Livesey: China is a huge issue. They’re getting their companies listed on our capital markets to raise money, as we’ve seen with Sino-Forest, and we’re seeing now with a number of these Chinese companies. We have no clue whether those companies really are what they say they are. It’s really hard to check because China is a really long way from us.

Billions were lost last year because people were realizing that these Chinese companies they were investing in might just be Potemkin villages. That’s sort of the next huge potential area of stock market scams.

HuffPost:What would it take to clean up Canada’s financial industry?

Livesey: The regulatory issue is huge. If you removed the police force from Toronto, you would see a lot of shit happen. The same thing basically exists in the financial industry, where you don’t have a police force, so they do a lot of evil as a result. In Canada, we have one of the most, if not the most, abysmal regulatory system in the developed world.

We need a national securities regulator. That’s long overdue. We should have tougher penalties on investment fraud, we should be sending more people to jail and make it more of a criminal thing. Because in Canada we have this tendency -- we hit people with securities violations, which are clearly cases of fraud, but we don’t criminally prosecute them.

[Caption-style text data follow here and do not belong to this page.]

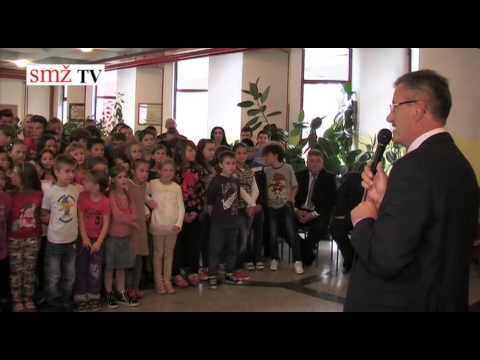 Posjet školi u Gvozdu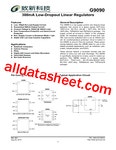 G9090 데이터시트(PDF) - Global Mixed-mode Technology Inc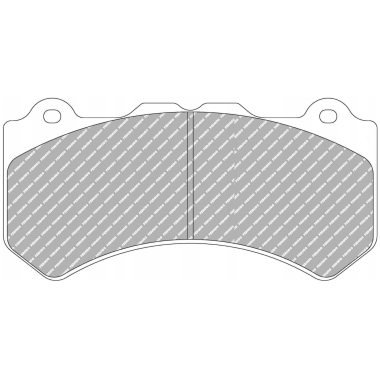 FERODO RACING FRP3106Z Колодки DSUNO передние для NISSAN GT-R (R35) FERODO RACING FRP3106Z Колодки DSUNO передние для NISSAN GT-R (R35)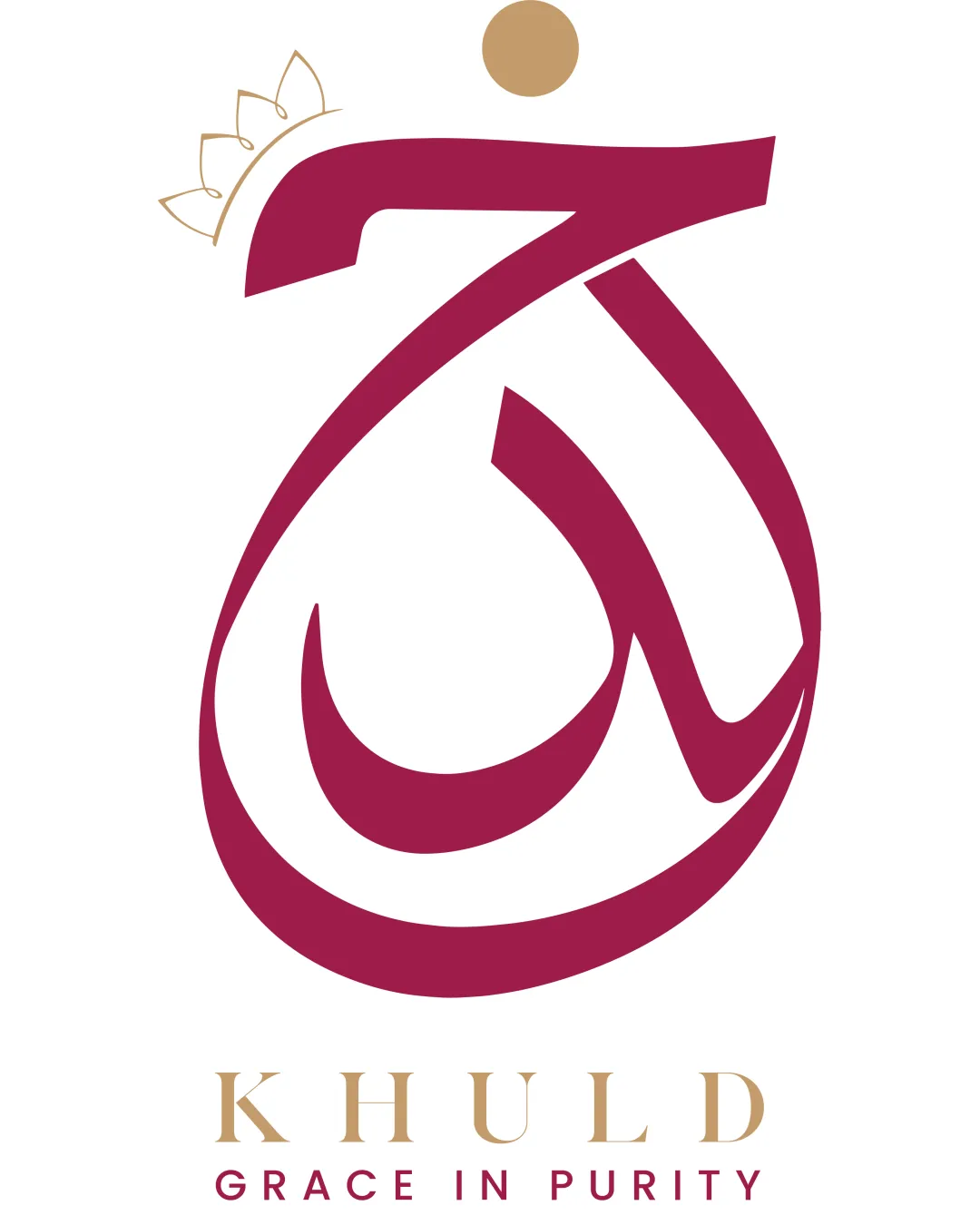 Khuld Grace Purity Beauty Logo logo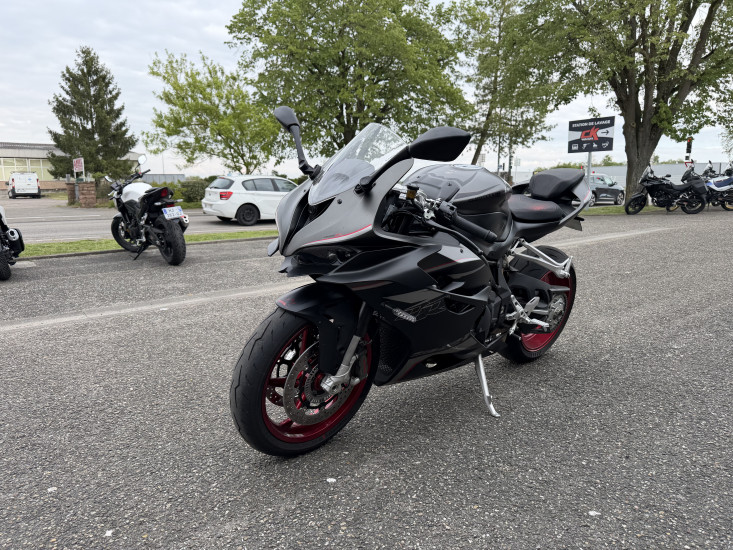 QJ MOTOR SRK 921 RR ABS COLORIS NOIR - HAGUENAU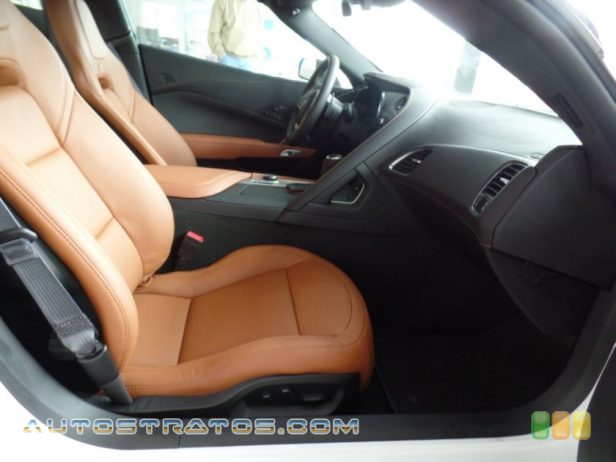 2015 Chevrolet Corvette Stingray Coupe Z51 6.2 Liter DI OHV 16-Valve VVT V8 8 Speed Paddle Shift Automatic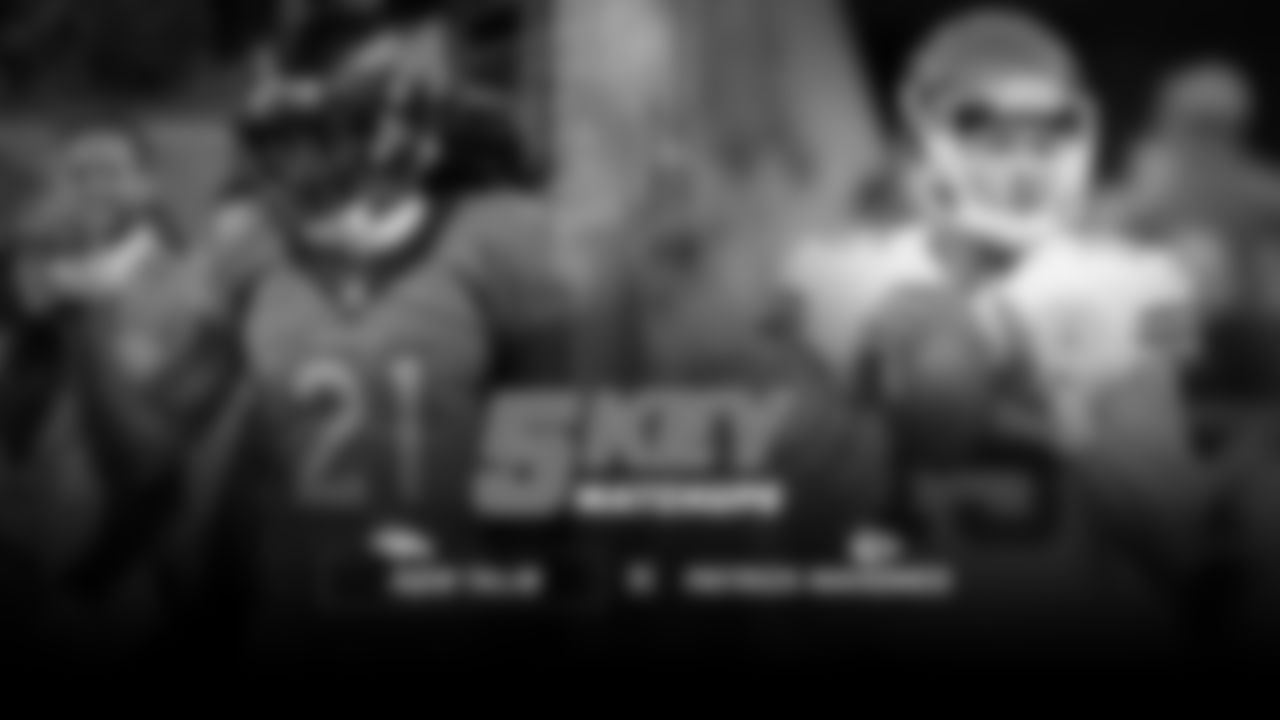 Cornerback Aqib Talib sits just two pick-sixes away from the NFL record, so he may love the opportunity to play against a rookie quarterback this weekend. Patrick Mahomes will make the first start of his professional career on Sunday, and he will have a tough matchup against the "No-Fly Zone." But he's a talented young player, as Defensive Coordinator Joe Woods alluded to this week. "You don't have a whole bunch of film on him, just in terms of what they're going to ask him to do," Woods said. "But the one thing when you watch this kid is he is talented. He has arm strength, he can make all the throws and he does have some poise in the pocket. He moves around and he escapes pressure. It's going to be a challenge because he can throw the ball, definitely. I'm sure they're going to try to get it deep a few times on us."
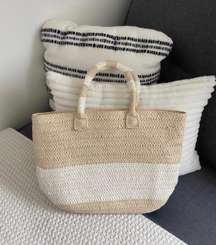 Straw Tote Bag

A huge thing would be splitting the brokerage houses off from the banks. This was one of the wise things that came out of the Great Depression, separating the banking industry from the trading industry. That led to 50 years of stability, if not more. I was when they allowed banks to get into the brokerage industry that its really gone down the crapper.

[Editor’s note: The U.S. is about to implement legislation, known as the Volcker Rule, to do exactly this. Canada’s financial sector and Finance Ministry have been among the most vocal critics of the plan.]

HuffPost:In the book, you say that the chances of sweeping regulatory changes are slim. So what advice would you give to Canadians? Should we put our money under our mattresses?

Livesey: Well I don’t put my money in the markets, that’s for sure.

Between now and whenever the industry is reformed, can you trust the industry? The answer is no, but that doesn’t mean that you can’t invest wisely and find people who can invest your money wisely. But it’s hard because the whole system is incentive-based, [it’s] designed to keep your money in play in the markets, and as the market tanks, so be it. The system is not designed to help you and make you money. That sort of happens almost by accident.

My mother is now in a nursing home and we have been dealing with her finances, and we’ve just been really diligent about asking all sorts of questions and that’s helped enormously, not only in our own understanding but in terms of keeping the financial adviser on her toes. She knows not to screw with us because we are actually being very critical of any advice she gives.

I think that’s really the best you can do -- ask the right questions and if you don’t understand it, don’t put your money in it.